0
votes

Having a graph where molecules are attached to a common scaffold with [:substructureOf] relationships and where similar molecules are connected to eachothers with a [:isSimilarTo] relationship, is the a way to return all [:isSimilarTo] relationships for a specific subset of molecules?

In pseudo cypher code, considering m as a collection (subset of molecules), I would like to assess that m1 and m2 of each sim relationship is part of m

MATCH (:Scaffold {Name: 'A'}) <-[:usbstructureOf]- (m:Molecule)
WITH m MATCH (m1:Molecule) -[sim:isSimilarTo]- (m2:Molecule) 
WHERE m1 IN m AND m2 IN m

Is there a proper cypher way to write this? Example dataset below.
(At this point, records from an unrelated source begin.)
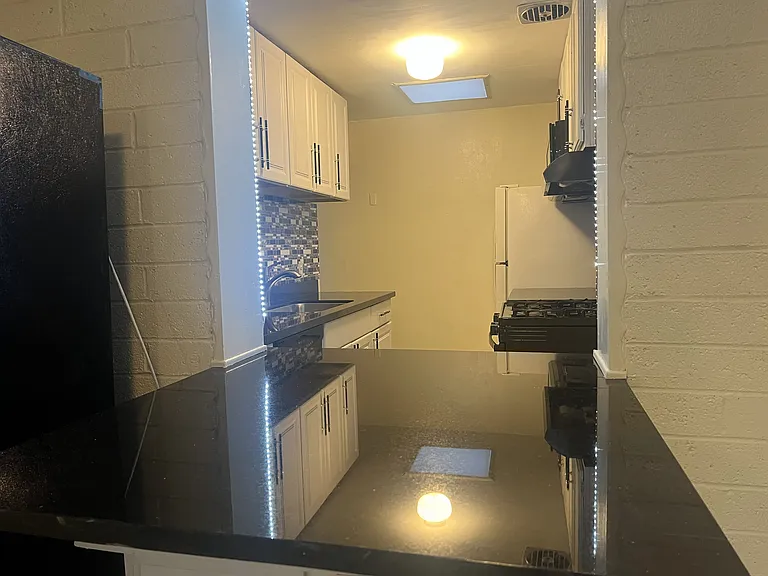 1421 E Elm St — Photo 12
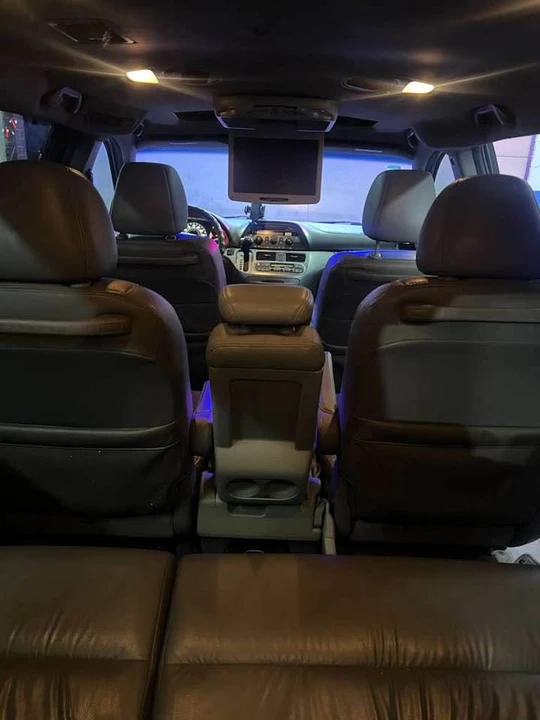 2010 Honda Odyssey - Image 11 of 14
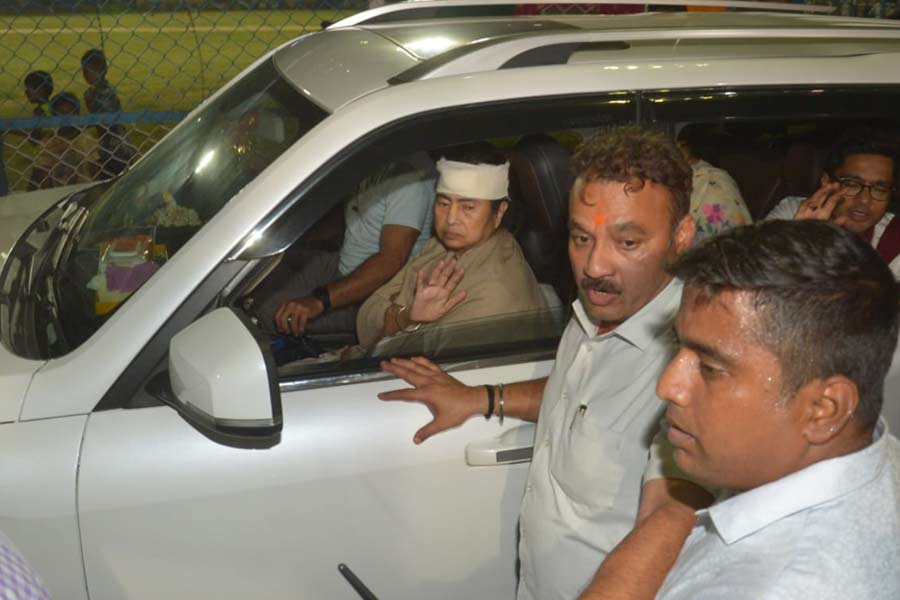 How is CM Mamata Banerjee? Doctors examine her and issue update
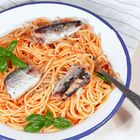 Spaghetti mit Paprikasauce und Sardinen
CREATE (:Scaffold {Name: 'A'});
CREATE (:Scaffold {Name: 'B'});
MATCH (s:Scaffold {Name: 'A'}) MERGE (s) -[:substructureOf]->(:Molecule {Name: 'm1'});
MATCH (s:Scaffold {Name: 'A'}) MERGE (s) -[:substructureOf]->(:Molecule {Name: 'm2'});
MATCH (s:Scaffold {Name: 'A'}) MERGE (s) -[:substructureOf]->(:Molecule {Name: 'm3'});
MATCH (s:Scaffold {Name: 'A'}) MERGE (s) -[:substructureOf]->(:Molecule {Name: 'm4'});
MATCH (s:Scaffold {Name: 'B'}) MERGE (s) -[:substructureOf]->(:Molecule {Name: 'm5'});
MATCH (m:Molecule {Name: 'm1'}), (n:Molecule {Name: 'm2'}) CREATE (m) -[isSimilarTo]-> (n);
MATCH (m:Molecule {Name: 'm1'}), (n:Molecule {Name: 'm3'}) CREATE (m) -[isSimilarTo]-> (n);
MATCH (m:Molecule {Name: 'm2'}), (n:Molecule {Name: 'm3'}) CREATE (m) -[isSimilarTo]-> (n);
MATCH (m:Molecule {Name: 'm3'}), (n:Molecule {Name: 'm4'}) CREATE (m) -[isSimilarTo]-> (n);
MATCH (m:Molecule {Name: 'm4'}), (n:Molecule {Name: 'm5'}) CREATE (m) -[isSimilarTo]-> (n);
2
I don't understand your question. Do you simply want all similar molecules for the ones you MATCH in the first query? More constraints? Explain.Martin Preusse
Actually, I want to retrieve all similarity relationships. In the given date, m1, m2, m3 and m4 share scaffold A. I'd like to know whether m1 is similar to m2, m3 and m4 as well as whether m2 is similar to m3 and m4, etc, but I without caring whether m1-m4 are similar to m5. The difficulty - to me - is to traverse m1-m4 twice. The idea of the pseudo code is to restrict on similarity edges in which start and end nodes are part of m1-m4 set. How to properly write this in cypher is my question.Pierre
Actually, the pseudo code could work if m was a collection and not juste nodes. WITH collect(m) MATCH...Pierre

2 Answers

1
votes

I still don't fully understand what you want, a network scheme/drawing might help next time.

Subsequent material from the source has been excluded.